Опергруппа в ходе осмотра нашла ниточки проводов, уходящие за заросший бурьяном пригорок. Там обнаружился небольшой мотоциклетный аккумулятор, с помощью которого инициировали подрыв. Самого подрывника, естественно, след простыл. Стандартнопустые мероприятия по «зачистке» близлежащих домов, силами подтянувшихся на «бэтэрах» солдат-вэвэшников и комендантской роты ничего не дали. Курганские омоновцы участия в этих мероприятиях не принимали. Наоборот, всячески торопили проводивших осмотр членов следственно-оперативной группы, а два, почти непострадавших, «Урала» командир отряда, вообще, отправил за пределы Грозного. Подальше от проклятых улиц, кварталов, микрорайонов. Это знакомое, любому, бывавшему в «горячих» командировках, чувство «сохранения», возникающее недели за две, за три до их окончания, не отпустило курганцев и после гибели у них на глазах товарищей. Понять командира, да и остальных бойцов было можно. До дома оставалось пять-шесть часов (они улетали военным бортом с Моздока) и выехав за последний блокпост Грозного, можно было уже особо не напрягаться. Трупы же их сослуживцев, изломанные, перепачканные кровавой пылью с неузнаваемыми мёртвыми оскалами немым криком приказывали уходить, уезжать, убегать из этого города.

Возвращающийся с выезда Рябинин, увидел фигуру Катаева около переговорного пункта и, сказав остальным участникам опергруппы что будет в дежурке через пять минут, спрыгнул с, притормозившего перед «змейкой», «Урала» на площади.

— Ну как съездили? — подойдя к Косте и стряхивая с разгрузочного жилета слои тяжелой дорожной пыли, поинтересовался он.
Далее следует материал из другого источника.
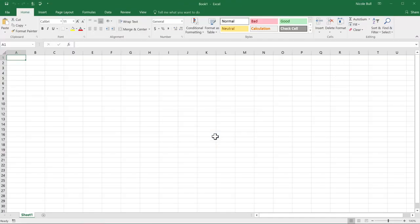Now it's your chance. Have a go clicking around the ribbon and trying out the different tools. Be brave. You can't break Excel.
Катаев, употребивший бутылку углеводного коктейля — нефильтрованной «Оболони», находился в благодушном настроении. Жмурясь на, выглянувшее из-за тучи солнце, он приоткрыл на Серегу один глаз:

— Вава, ты сейчас упадёшь! — ответил он крылатой фразой из классической советской кинокомедии.

Хорошая погода, в целом, удачно провернутое дело, пивас и ещё один день без жертв настраивали малость подурачиться. Чего нельзя было сказать о Рябинине. Ещё не отошедший от осмотра покорёженно-побитой техники и изуродованных человеческих останков, он хмуро смотрел на расслабленного старлея.

— В этом РУБОПе я тебе, Серега, скажу такие рыбины плавают… — из-за бьющего в глаза солнечного света, Костя не замечал отсутствие реакции на свой полушутейный тон, — хрен оглушишь…

— Быкуют? — скривился Сергей и оглянулся по сторонам, — пойдём отойдём отсюда, что-то народу здесь до хрена…

На крылечке переговорного пункта галдела кучка «комендачей»; ожидая приёма в прокуратуру, шастали какие-то старики и старухи.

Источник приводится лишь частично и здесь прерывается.